* _WORK TASK_
Word for word, restate all of the data shown below.

[[ GIVEN RECORDS open ]]

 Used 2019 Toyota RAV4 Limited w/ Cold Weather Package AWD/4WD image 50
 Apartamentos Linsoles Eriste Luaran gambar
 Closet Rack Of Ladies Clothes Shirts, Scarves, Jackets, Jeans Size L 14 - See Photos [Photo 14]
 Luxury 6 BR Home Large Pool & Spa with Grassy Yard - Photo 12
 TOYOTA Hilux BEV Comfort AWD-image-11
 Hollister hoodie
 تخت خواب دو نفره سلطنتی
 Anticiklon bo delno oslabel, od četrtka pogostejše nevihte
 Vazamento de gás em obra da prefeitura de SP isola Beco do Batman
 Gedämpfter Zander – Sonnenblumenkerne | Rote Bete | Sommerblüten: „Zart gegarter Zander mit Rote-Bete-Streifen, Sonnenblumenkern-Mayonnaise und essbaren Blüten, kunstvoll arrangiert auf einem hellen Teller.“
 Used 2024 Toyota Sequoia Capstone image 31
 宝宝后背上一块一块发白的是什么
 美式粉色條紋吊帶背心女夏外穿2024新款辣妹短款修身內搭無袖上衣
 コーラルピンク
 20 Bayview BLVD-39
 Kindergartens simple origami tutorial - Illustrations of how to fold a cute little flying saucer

[[ GIVEN RECORDS closed ]]

* _TASK SOLUTION_
 Used 2019 Toyota RAV4 Limited w/ Cold Weather Package AWD/4WD image 50
 Apartamentos Linsoles Eriste Luaran gambar
 Closet Rack Of Ladies Clothes Shirts, Scarves, Jackets, Jeans Size L 14 - See Photos [Photo 14]
 Luxury 6 BR Home Large Pool & Spa with Grassy Yard - Photo 12
 TOYOTA Hilux BEV Comfort AWD-image-11
 Hollister hoodie
 تخت خواب دو نفره سلطنتی
 Anticiklon bo delno oslabel, od četrtka pogostejše nevihte
 Vazamento de gás em obra da prefeitura de SP isola Beco do Batman
 Gedämpfter Zander – Sonnenblumenkerne | Rote Bete | Sommerblüten: „Zart gegarter Zander mit Rote-Bete-Streifen, Sonnenblumenkern-Mayonnaise und essbaren Blüten, kunstvoll arrangiert auf einem hellen Teller.“
 Used 2024 Toyota Sequoia Capstone image 31
 宝宝后背上一块一块发白的是什么
 美式粉色條紋吊帶背心女夏外穿2024新款辣妹短款修身內搭無袖上衣
 コーラルピンク
 20 Bayview BLVD-39
 Kindergartens simple origami tutorial - Illustrations of how to fold a cute little flying saucer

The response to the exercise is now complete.